なにげなく英語の歌を聴く洋楽好きの皆さまに、英語と同じくらいの気軽さでイタリア語の歌にもアクセスしていただきたいなぁ~というキモチから、こつこつnoteを書き溜めています。

今回ご紹介するのは、イタリアを代表する国際都市ミラノに生まれ育ったラッパーで、アフリカ大陸の国チュニジアにルーツを持つGhali(ガリ)さんの「Cara Italia(親愛なるイタリア)」です。

旅行会社のパンフレットで見かけるイタリアとは様子が違いますが、このイメージもやっぱりイタリアの一面なんですよね。

イタリア人ってなんだっけ?
文化の交差点イタリア半島のラップ

楽しむだけなら「えぇ声しとるやん」と聴き惚れていたらいいんですが、いざ布教活動の準備に取り掛かると、難しいですね。
でも謎解きみたいで、そこも好き。

Fumo, entro, cambio faccia
煙草を吸って、入って、顔を変える
Come va a finire si sa già
どうなるかはもう分かってる
Devo stare attento, mannaggia
注意しなきゃいけない、ちくしょう
Se la metto incinta poi mia madre mi... ah!
あの娘を妊娠させたら、オレの母さんが…はぁ!
Perché sono ancora un bambino
だってオレはまだ小僧だし
Un po' italiano, un po' tunisino
ちょっとイタリア人でちょっとチュニジア人
Lei è di Portorico, se succede per Trump è un casino
あの娘はプエルトリコ出身、もし事が起きたらトランプには厄介だな

前述したとおり、このガリさんというアーティストはチュニジア系イタリア人です。両親ともにチュニジア人だけど、ご本人はミラノ生まれのミラノ育ちでイタリア人。敢えてありがちな言い方をすれば2つの世界の間に生きているわけですよね。敢えて、ありがちな言い方をすれば。そこがポイントになってくる曲なんじゃないかな。
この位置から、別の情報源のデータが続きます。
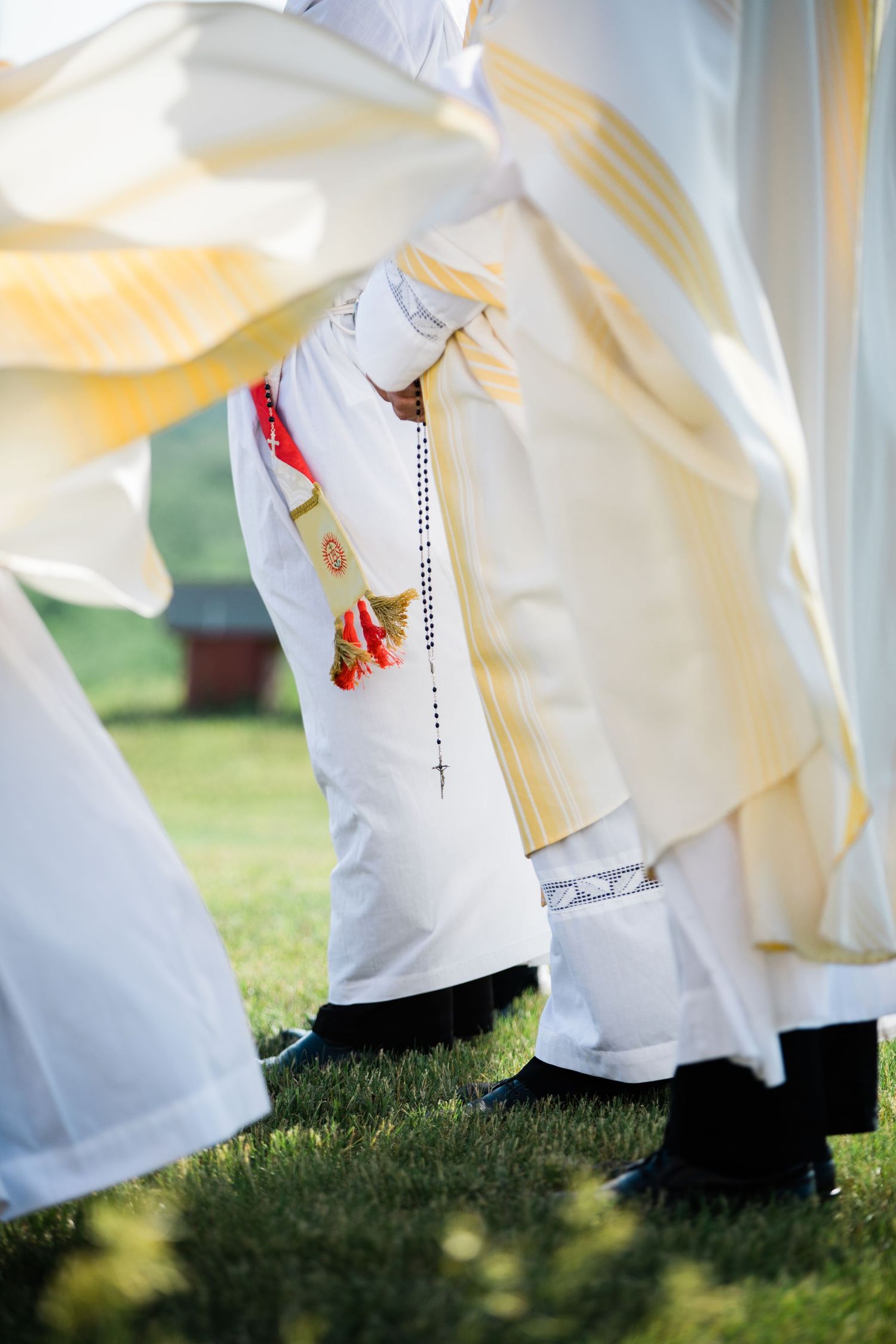 Row of white robes with glimpses of red shoes visible at ground level on grass.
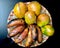 Mangoes and Kerala banana fruits in wooden plate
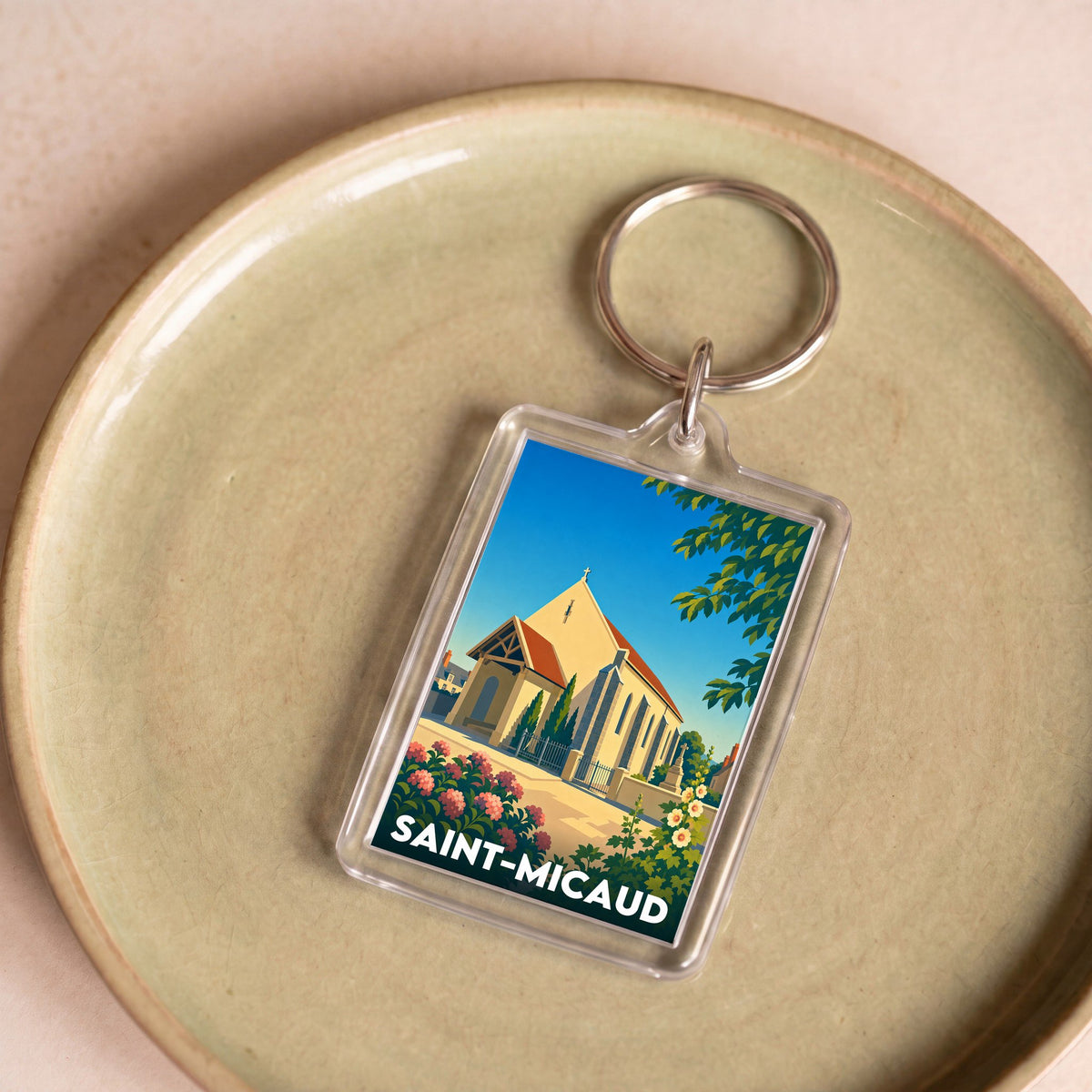 Porte-clés souvenir de la ville de Saint-Micaud avec une illustration stylisée de son église.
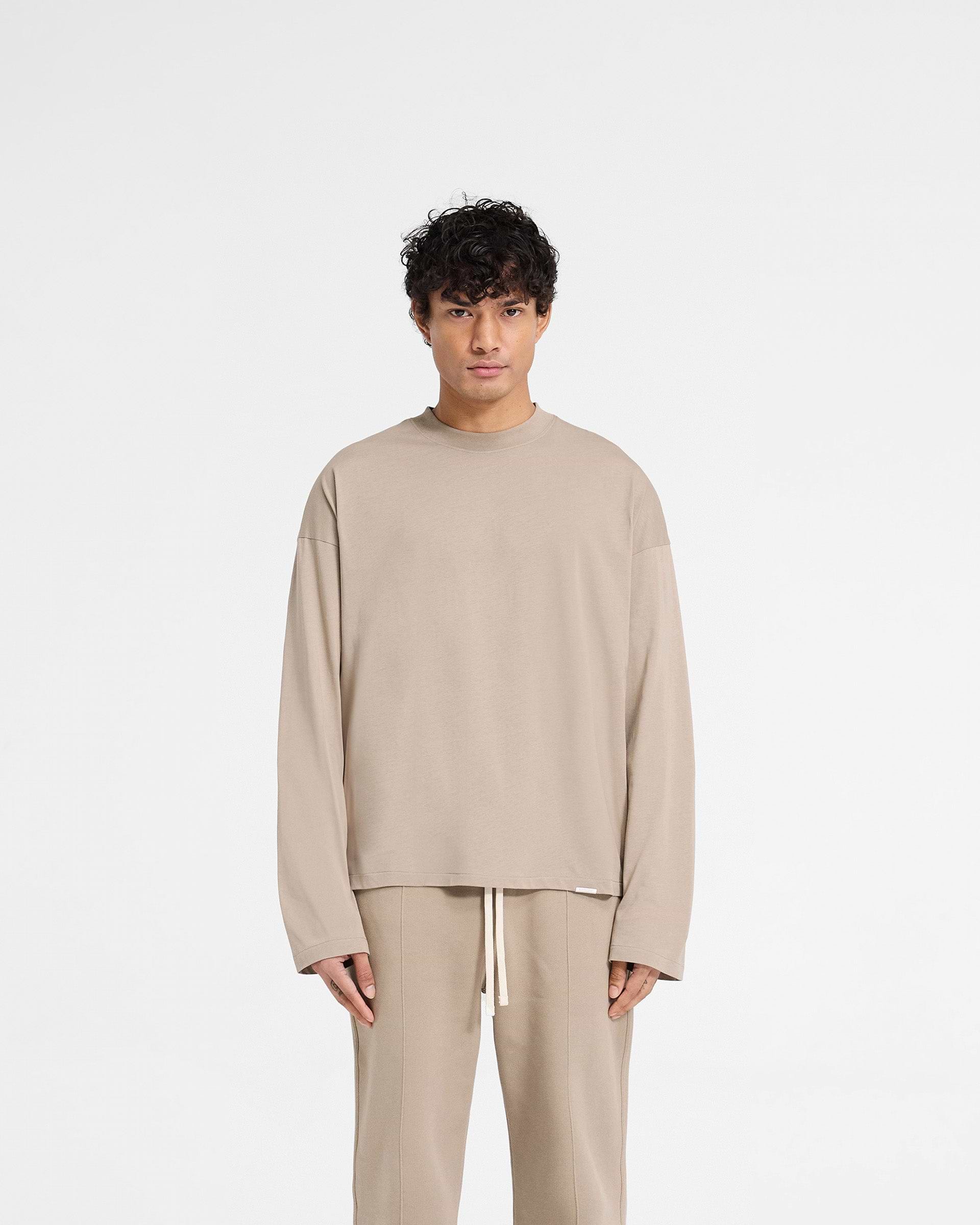 Man wearing a beige t-shirt on a plain white background | Initial Long Sleeve Open Cuff T-Shirt in Dune | Boxy oversized long sleeve t-shirt | Initial T-Shirts | Represent Clo
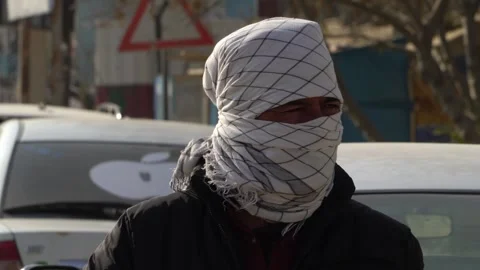 Close-up of Afghan man outdoors with patterned scarf covering his face Video stock 240913651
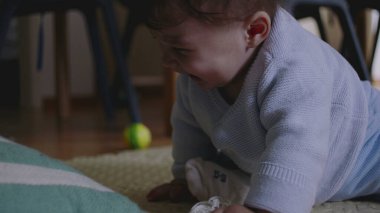 Bebek yerde yatıyor, çizgili bir yastığa uzanıyor, hayal kırıklığı ve öfke belirtileri gösteriyor, dokunarak oynamaya çabalıyor, hareket becerilerini geliştiriyor..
冒頭の「タバコを吸って、なかに入る」っていうのは、路上喫煙が禁止されている日本だと分かりにくいですよね。イタリアでは逆に店内での喫煙が禁止されているので、クラブやバーの入り口には煙草を指先に挟んだ客が立ちっぱなしで煙を吐き出しています。
外から中へ、一方から他方へ、扉をくぐるたびに、その世界にふさわしい面を選んでみせなきゃいけない抑圧って、きっと重たいですよね。

ここに登場する「トランプ」は、アメリカのトランプ大統領でしょう。
アメリカ事情には明るくないのですが、プエルトリコってアメリカ合衆国の一部である自治領ですよね。公用語はスペイン語。その住民はアメリカの市民権を持つけど、本土に移住しないかぎり大統領選などに対する選挙権は持たず、移民として扱われるのだとか。

Ma che politica è questa
でもどんな政治だよこれって
Qual è la differenza tra sinistra e destra
右と左の違いってどれだよ
Cambiano i ministri ma non la minestra
大臣どもは変わるけどごった煮スープは変わらない
Il cesso è qui a sinistra, il bagno è in fondo a destra
便所はあっちの左側、風呂場は右の突き当り
Dritto per la mia strada
じぶんの道をまっすぐに
Meglio di niente, màs que nada
ゼロよりマシだろ、マシュケナダ(どうなってんだか)
Vabbè tu aspetta sotto casa
まぁいいや、キミは家の下で待ってて
Se non piaci a mamma, tu non piaci a me
もし母さんが気に入らないってんなら、オレもキミが嫌いだよ

イタリア語でも政治的な保守派と急進派の区別を、左右で表します。
くすっと笑っちゃうのが「大臣」と「ごった煮スープ」のくだり。ここは〈ministri/ミニストリ〉と〈minestra/ミネストラ〉で韻が踏んであります。もはや日本語になっているミネストローネ・スープみたいなものをイメージしていただけたらOKです。ごちゃっとしてて、なにがなんやらですよね。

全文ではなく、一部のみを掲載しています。